# My New Knife Line - Unobtainium



## Dave Martell (Mar 20, 2012)

Yeah that's right, I'm having a new knife line made up, I'm calling it "Unobtainium"!

They'll be made here in the USA out of a mix of every knifemaker super steel known plus a pinch of kryptonite high carbon that comes from deep outer space. 

I suspect that these knives will be so popular that they'll be unobtainable. 



PS - Please don't tell your friends about this or you might not get one for yourself. :wink:


----------



## Tatletz (Mar 20, 2012)

Very interesting and intriguing Dave! Are you going to collaborate with aliens? :justkidding:


----------



## Twistington (Mar 20, 2012)

Handle is made of Yggdrasil burl and loch ness monster bone ferrule? If not... no deal!


----------



## mr drinky (Mar 20, 2012)

I am sure Yggdrasil burl is fine, but Tree of Souls burl is probably more fitting 

k.


----------



## Rottman (Mar 20, 2012)

What were you drinking, Dave? I want some of that.


----------



## Andrew H (Mar 20, 2012)

Quenched in dragon blood...


----------



## DeepCSweede (Mar 20, 2012)

With either a cthulhu or Hodag saya


----------



## RobinW (Mar 20, 2012)

Before the big corporation lawyers get a hold of you Dave, I think Unobtainium is already invented and copyrighted by Oakley....
Maybe "Evenmoreunobtainium" is free? :O


----------



## Burl Source (Mar 20, 2012)

Tatletz said:


> Very interesting and intriguing Dave! Are you going to collaborate with aliens? :justkidding:


Dave is an Alien!


----------



## PierreRodrigue (Mar 20, 2012)

His hair cut is just a clever disguise!


----------



## l r harner (Mar 20, 2012)

man and i thought i was going to be cool cause of the B52 steel i was gettign soon


----------



## Keith Neal (Mar 20, 2012)

We've got some stuff out at Groom Lake (aka Area 51) that might interest you. You would have to sign a few documents first, but I am sure we could work something out.
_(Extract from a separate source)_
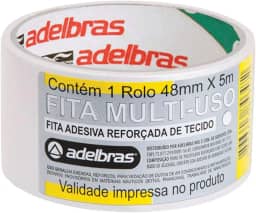 Fita Silver Tape, Branca, 48mmX5mts, Adelbras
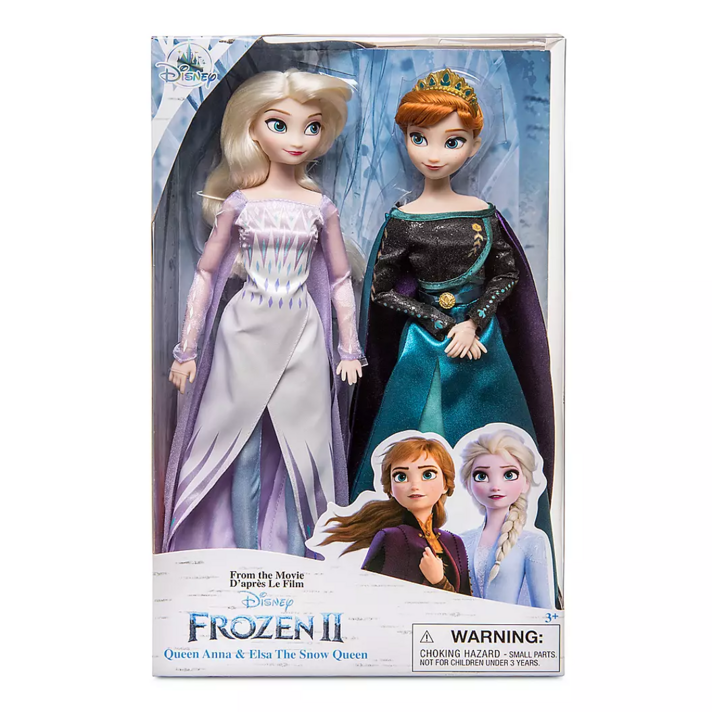 [디즈니] Queen Anna and Snow Elsa Classic Doll Set Frozen 2, 혼합색상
By the way, unobtainium is what for years Pratt & Whitney claimed made the turbine sections of its engines so expensive. Something sure did.


----------



## 99Limited (Mar 20, 2012)

You do realize this guy :devilburn: will be your closest buddy some day. Wait a minute, I think he already is. :lol2:


----------



## jmforge (Mar 20, 2012)

Keith Neal said:


> We've got some stuff out at Groom Lake (aka Area 51) that might interest you. You would have to sign a few documents first, but I am sure we could work something out.
> 
> By the way, unobtainium is what for years Pratt & Whitney claimed made the turbine sections of its engines so expensive. Something sure did.


 I thought that stuff was called "short TBO and uber-expensive mid cycle hot section inspection." :biggrin:


----------